Work to be completed. The entries that follow include a run beginning at the line with "Story before Recipe" and ending at the line with "light bulb with"; restate that run word for word and leave the rest out.

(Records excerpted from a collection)

Start of Block

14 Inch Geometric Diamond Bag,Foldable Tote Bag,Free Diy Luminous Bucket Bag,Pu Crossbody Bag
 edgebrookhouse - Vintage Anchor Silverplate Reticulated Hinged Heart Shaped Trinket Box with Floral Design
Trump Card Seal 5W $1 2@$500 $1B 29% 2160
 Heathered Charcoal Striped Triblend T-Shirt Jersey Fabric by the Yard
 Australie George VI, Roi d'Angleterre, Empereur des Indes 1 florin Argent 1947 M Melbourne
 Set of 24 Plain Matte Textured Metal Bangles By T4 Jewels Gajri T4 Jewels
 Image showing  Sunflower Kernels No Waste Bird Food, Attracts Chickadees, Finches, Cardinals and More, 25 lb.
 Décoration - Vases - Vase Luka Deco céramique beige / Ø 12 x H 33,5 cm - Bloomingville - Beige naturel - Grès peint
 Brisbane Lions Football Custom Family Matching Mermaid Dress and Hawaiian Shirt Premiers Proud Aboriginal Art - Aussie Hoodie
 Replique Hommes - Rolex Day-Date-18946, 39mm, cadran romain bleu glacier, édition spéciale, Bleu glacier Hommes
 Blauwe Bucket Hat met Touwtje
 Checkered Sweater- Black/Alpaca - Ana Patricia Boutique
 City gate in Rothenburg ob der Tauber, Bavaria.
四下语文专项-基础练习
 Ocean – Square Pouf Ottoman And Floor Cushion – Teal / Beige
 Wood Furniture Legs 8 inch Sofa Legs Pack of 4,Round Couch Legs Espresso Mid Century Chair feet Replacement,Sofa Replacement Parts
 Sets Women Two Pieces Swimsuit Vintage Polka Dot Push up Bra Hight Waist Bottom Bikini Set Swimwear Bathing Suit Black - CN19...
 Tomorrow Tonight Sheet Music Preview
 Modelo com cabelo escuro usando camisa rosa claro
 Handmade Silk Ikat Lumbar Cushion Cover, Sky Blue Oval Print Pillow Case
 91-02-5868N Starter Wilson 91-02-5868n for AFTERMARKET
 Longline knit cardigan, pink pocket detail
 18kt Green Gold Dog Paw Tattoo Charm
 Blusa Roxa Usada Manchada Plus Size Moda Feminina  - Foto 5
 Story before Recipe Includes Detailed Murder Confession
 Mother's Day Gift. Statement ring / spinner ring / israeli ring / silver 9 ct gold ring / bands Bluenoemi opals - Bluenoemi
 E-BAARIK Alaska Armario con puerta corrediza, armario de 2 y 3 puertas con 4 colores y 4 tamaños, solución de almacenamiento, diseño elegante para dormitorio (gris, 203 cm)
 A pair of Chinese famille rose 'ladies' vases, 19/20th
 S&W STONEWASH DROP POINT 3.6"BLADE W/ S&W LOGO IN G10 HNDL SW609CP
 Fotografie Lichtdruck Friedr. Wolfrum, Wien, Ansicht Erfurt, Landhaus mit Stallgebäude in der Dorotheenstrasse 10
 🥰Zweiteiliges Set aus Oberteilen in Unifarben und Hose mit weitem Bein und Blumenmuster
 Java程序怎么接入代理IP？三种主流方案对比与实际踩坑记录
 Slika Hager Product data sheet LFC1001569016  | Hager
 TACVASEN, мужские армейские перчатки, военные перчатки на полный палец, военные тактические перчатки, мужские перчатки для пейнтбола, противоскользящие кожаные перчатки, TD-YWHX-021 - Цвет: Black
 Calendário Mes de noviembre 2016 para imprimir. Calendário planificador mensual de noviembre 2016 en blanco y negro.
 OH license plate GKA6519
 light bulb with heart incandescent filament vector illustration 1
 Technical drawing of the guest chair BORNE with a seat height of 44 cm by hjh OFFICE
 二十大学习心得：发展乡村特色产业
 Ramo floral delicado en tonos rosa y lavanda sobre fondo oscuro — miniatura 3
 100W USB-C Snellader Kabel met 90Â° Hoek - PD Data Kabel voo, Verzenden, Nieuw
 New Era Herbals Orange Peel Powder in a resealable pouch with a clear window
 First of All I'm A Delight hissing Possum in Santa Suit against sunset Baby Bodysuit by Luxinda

End of Block

Task output.
 Story before Recipe Includes Detailed Murder Confession
 Mother's Day Gift. Statement ring / spinner ring / israeli ring / silver 9 ct gold ring / bands Bluenoemi opals - Bluenoemi
 E-BAARIK Alaska Armario con puerta corrediza, armario de 2 y 3 puertas con 4 colores y 4 tamaños, solución de almacenamiento, diseño elegante para dormitorio (gris, 203 cm)
 A pair of Chinese famille rose 'ladies' vases, 19/20th
 S&W STONEWASH DROP POINT 3.6"BLADE W/ S&W LOGO IN G10 HNDL SW609CP
 Fotografie Lichtdruck Friedr. Wolfrum, Wien, Ansicht Erfurt, Landhaus mit Stallgebäude in der Dorotheenstrasse 10
 🥰Zweiteiliges Set aus Oberteilen in Unifarben und Hose mit weitem Bein und Blumenmuster
 Java程序怎么接入代理IP？三种主流方案对比与实际踩坑记录
 Slika Hager Product data sheet LFC1001569016  | Hager
 TACVASEN, мужские армейские перчатки, военные перчатки на полный палец, военные тактические перчатки, мужские перчатки для пейнтбола, противоскользящие кожаные перчатки, TD-YWHX-021 - Цвет: Black
 Calendário Mes de noviembre 2016 para imprimir. Calendário planificador mensual de noviembre 2016 en blanco y negro.
 OH license plate GKA6519
 light bulb with heart incandescent filament vector illustration 1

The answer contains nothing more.